In the letter, prosecutors say Mr. Menendez’s lawyers have told them the senator’s sister will testify about “her knowledge of Senator Menendez’s personal and family history of storing cash outside of banks and the reason for doing so,” including her own observation of cash he stored in his home and office.

The origins of the cash the F.B.I. found in the couple’s Englewood Cliffs, N.J., home during a court-authorized search in June 2022 has been a heated issue of dispute in the case.

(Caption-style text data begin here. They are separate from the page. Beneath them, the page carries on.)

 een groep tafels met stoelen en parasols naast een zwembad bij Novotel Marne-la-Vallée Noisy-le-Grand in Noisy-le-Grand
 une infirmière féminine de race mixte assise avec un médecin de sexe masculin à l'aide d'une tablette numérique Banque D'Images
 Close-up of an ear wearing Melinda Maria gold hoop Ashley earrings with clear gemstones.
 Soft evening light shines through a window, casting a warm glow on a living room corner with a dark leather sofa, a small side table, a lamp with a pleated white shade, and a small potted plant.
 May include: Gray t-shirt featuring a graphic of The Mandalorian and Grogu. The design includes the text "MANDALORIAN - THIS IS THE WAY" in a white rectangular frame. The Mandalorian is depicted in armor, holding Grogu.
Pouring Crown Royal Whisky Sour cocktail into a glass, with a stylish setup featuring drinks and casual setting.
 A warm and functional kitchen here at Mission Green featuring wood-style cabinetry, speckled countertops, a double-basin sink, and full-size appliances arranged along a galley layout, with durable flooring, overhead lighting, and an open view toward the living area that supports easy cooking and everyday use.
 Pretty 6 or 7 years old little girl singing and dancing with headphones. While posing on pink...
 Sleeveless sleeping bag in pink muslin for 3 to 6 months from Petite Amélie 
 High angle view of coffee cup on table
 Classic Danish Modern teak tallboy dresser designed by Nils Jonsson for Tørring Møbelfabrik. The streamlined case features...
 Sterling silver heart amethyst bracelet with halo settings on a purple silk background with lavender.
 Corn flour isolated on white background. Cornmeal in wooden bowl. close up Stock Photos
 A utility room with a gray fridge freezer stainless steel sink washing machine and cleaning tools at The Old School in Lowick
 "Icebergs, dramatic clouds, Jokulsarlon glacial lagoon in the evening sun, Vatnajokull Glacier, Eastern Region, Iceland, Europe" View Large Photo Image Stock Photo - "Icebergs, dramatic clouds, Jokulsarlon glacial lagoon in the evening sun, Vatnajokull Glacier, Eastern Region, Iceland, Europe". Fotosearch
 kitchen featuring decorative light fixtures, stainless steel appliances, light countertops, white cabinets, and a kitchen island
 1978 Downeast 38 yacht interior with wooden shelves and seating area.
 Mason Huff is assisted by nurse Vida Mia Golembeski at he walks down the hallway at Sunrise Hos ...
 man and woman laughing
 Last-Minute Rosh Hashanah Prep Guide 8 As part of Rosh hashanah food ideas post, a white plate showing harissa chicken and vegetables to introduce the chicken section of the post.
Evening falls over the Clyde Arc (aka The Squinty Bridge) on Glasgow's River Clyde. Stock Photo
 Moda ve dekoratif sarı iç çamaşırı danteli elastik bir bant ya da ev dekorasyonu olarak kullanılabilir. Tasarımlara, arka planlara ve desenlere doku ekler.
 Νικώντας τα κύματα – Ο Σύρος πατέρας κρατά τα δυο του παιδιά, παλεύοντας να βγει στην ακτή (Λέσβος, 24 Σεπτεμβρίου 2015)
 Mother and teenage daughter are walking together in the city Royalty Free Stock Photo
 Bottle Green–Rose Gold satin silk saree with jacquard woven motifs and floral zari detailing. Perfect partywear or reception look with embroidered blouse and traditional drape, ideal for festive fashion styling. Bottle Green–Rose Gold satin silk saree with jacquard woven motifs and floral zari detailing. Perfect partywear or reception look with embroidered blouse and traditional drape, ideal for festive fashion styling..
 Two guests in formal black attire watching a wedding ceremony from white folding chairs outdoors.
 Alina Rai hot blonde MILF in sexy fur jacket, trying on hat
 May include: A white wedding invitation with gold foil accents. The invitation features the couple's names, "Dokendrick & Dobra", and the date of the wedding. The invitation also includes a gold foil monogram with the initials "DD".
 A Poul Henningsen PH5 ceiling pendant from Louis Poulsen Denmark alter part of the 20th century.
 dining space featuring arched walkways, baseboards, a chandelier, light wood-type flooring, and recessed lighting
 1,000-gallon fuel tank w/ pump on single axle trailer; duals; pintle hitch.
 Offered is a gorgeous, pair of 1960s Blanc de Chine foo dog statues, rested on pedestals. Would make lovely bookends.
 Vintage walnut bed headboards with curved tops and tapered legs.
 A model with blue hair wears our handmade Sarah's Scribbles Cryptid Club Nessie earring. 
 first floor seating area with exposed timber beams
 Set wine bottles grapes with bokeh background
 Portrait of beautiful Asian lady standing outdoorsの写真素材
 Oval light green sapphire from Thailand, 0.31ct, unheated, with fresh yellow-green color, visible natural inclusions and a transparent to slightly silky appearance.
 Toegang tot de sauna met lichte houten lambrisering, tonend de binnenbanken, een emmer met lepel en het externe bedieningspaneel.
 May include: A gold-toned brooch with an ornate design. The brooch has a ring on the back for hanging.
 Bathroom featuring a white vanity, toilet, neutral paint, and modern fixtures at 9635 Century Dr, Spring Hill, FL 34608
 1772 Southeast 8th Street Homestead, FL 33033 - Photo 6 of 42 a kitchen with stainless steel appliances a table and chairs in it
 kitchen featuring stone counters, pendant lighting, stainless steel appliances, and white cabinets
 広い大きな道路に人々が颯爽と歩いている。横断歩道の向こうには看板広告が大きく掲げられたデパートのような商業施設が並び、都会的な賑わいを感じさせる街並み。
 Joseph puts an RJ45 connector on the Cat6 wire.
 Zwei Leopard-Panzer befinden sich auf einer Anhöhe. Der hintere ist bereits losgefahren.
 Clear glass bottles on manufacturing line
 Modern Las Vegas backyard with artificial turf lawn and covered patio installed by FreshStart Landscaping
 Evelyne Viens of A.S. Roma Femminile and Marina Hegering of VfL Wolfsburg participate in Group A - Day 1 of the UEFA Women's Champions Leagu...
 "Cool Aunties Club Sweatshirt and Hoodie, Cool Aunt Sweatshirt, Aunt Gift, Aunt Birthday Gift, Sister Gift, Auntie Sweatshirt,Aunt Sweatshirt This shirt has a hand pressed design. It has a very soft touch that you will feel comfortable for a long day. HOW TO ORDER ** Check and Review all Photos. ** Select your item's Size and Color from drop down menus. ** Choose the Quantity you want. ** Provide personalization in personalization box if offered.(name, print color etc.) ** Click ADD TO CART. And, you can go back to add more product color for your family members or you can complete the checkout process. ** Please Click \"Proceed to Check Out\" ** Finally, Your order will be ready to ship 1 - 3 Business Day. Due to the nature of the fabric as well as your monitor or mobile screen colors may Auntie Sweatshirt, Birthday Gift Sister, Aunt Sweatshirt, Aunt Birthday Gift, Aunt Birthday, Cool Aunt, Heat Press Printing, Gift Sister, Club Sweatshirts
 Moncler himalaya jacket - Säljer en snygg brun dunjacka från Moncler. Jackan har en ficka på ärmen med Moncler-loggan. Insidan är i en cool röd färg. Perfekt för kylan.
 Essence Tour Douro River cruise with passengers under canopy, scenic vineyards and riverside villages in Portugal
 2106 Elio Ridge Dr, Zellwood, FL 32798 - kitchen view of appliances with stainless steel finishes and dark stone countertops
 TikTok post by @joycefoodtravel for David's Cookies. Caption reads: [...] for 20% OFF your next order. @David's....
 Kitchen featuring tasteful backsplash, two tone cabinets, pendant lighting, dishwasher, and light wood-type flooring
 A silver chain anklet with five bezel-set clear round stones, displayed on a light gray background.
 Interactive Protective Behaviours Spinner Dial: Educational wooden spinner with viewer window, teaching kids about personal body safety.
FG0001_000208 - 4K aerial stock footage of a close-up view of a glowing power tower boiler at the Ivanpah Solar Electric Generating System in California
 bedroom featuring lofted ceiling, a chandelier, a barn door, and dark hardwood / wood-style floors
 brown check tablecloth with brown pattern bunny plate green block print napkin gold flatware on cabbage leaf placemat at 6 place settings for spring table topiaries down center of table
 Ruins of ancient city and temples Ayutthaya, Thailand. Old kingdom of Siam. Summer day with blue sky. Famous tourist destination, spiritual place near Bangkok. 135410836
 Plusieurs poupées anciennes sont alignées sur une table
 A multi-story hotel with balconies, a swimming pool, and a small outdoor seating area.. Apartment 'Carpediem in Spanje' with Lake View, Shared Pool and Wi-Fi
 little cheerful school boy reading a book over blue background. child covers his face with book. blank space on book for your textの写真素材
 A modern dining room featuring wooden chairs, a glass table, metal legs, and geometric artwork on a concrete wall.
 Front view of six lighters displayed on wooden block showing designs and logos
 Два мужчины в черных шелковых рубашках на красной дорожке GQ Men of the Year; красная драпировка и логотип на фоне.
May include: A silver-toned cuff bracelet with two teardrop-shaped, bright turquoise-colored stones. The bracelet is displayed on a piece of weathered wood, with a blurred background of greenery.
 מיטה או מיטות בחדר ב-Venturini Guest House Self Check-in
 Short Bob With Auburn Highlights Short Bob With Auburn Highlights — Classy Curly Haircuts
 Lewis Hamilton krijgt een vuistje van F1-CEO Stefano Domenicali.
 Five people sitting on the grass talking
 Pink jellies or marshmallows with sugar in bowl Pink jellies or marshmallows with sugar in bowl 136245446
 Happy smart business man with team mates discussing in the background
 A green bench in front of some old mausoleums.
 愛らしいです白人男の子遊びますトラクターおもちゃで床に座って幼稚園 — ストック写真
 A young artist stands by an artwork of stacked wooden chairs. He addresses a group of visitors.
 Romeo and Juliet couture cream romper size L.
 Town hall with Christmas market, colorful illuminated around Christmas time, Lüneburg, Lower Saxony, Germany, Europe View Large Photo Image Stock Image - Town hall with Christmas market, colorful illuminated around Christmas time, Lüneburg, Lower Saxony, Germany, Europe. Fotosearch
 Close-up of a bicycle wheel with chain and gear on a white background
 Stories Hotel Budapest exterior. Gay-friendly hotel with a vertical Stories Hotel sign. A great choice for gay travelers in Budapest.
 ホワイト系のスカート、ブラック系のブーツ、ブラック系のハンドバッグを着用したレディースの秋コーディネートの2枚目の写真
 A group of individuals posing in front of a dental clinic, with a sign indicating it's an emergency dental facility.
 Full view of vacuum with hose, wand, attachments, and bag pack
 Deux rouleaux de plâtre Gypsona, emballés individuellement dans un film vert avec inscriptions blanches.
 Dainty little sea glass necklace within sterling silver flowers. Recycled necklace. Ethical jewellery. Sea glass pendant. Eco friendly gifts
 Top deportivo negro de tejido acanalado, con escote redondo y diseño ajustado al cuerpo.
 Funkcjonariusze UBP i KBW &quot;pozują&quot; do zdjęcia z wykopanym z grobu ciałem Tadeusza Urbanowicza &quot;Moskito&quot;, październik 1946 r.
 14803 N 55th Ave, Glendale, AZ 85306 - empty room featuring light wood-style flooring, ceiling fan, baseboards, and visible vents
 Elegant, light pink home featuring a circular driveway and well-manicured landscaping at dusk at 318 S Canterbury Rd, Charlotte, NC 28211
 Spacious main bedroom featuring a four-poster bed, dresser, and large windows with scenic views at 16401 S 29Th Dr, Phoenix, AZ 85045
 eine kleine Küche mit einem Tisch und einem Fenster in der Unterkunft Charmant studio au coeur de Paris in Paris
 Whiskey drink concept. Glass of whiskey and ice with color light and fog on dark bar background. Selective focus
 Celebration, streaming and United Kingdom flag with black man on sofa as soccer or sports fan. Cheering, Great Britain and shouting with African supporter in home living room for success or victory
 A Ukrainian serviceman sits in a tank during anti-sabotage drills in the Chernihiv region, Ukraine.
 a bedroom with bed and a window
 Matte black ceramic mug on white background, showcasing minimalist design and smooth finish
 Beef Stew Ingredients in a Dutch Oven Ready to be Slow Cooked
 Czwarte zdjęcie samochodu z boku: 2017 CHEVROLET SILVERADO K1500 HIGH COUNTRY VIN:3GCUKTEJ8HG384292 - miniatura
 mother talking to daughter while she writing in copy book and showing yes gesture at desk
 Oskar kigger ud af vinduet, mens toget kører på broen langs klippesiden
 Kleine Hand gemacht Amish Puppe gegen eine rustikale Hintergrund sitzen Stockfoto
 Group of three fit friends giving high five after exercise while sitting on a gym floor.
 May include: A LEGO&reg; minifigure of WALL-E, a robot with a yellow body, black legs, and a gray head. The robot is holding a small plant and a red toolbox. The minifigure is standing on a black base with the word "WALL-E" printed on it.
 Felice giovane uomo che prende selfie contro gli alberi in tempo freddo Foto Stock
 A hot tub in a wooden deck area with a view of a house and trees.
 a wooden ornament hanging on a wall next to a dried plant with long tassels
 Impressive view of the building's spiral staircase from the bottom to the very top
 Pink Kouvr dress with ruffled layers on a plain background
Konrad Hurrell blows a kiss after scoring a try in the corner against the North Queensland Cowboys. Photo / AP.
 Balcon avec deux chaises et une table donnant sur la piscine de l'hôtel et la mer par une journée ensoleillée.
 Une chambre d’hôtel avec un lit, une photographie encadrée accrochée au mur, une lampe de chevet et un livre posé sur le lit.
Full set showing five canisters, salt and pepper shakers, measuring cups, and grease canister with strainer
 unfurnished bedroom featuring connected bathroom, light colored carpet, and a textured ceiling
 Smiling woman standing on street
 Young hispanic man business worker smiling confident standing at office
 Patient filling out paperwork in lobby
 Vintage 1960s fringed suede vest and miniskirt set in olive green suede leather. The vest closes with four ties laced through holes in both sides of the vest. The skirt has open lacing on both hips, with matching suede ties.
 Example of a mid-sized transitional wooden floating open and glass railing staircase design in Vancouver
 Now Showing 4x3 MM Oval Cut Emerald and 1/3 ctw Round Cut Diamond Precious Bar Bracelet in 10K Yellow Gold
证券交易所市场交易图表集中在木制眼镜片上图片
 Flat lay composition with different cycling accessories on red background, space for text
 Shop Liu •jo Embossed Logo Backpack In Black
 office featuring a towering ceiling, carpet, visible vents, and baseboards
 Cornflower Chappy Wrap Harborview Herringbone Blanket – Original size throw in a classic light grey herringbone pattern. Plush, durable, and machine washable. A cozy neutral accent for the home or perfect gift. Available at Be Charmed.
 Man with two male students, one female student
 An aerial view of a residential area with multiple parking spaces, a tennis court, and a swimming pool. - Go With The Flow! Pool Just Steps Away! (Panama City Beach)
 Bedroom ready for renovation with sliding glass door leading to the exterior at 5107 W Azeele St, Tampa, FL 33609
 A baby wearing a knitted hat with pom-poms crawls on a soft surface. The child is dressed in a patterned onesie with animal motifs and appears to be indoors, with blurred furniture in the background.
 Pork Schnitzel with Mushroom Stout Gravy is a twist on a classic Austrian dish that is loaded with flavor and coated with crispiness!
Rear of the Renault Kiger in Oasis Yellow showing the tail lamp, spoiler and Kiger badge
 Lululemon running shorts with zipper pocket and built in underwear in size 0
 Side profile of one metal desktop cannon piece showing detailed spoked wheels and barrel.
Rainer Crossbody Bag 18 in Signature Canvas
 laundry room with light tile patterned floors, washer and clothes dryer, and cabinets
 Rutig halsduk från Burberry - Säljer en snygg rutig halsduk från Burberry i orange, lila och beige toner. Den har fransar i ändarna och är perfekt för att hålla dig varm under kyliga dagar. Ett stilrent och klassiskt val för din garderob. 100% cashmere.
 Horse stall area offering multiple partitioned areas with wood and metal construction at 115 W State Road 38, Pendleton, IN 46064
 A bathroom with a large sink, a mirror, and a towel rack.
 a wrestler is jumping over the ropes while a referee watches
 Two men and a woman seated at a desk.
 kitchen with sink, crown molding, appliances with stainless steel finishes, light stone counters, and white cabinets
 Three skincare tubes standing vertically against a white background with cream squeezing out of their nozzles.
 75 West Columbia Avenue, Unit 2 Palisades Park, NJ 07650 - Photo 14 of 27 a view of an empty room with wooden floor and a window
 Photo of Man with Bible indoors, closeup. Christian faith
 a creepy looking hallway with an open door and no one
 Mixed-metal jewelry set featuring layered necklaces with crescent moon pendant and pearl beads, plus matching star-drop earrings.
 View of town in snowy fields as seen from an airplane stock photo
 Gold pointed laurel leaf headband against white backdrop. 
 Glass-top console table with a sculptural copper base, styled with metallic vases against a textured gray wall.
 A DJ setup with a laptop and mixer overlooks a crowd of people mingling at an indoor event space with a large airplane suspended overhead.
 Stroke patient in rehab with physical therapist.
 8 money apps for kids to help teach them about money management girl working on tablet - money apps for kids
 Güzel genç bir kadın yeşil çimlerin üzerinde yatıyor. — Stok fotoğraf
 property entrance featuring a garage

Prosecutors have said the cash was of recent vintage, and part of bribes paid to the couple. But after being charged last September, Mr. Menendez offered what he described as an “old-fashioned” explanation for at least some of the cash. For three decades, he said, he withdrew money weekly from his savings account for “emergencies.” He said he did so “because of the history of my family facing confiscation in Cuba.”

In an opening statement last month, Avi Weitzman, another of Mr. Menendez’s lawyers, said that when the senator’s family fled to the United States from Cuba in the early 1950s, they lost their entire life savings except for some cash that was stored away and hidden in a grandfather clock. “From a young age,” Mr. Weitzman said, “the senator came to learn the value of having cash on hand in your home.”

Judge Stein has already denied a request by Mr. Menendez’s lawyers to have a psychiatrist testify about what they called the senator’s “traumatic experiences in his past associated with cash and finances.” The psychiatrist was to explain that Mr. Menendez’s habit of stockpiling cash was rooted in deep psychological trauma tied to his father’s suicide decades ago after Mr. Menendez decided to discontinue paying off his father’s gambling debts.

In their letter to the judge Thursday, prosecutors said that although they did not object to testimony about Mr. Menendez’s family fleeing Cuba and losing their life savings, the government would object to additional testimony, including what they called “gratuitous details of poverty or alleged emotional trauma.”

Judge Stein did not appear to rule on the government’s request to bar certain testimony about Mr. Menendez’s past, suggesting the parties might try to work it out themselves. But he indicated he would allow testimony that was in line with Mr. Weitzman’s opening statement: “They fled Cuba. He grew up in a tenement. They lost their life savings. That kind of thing,” the judge said.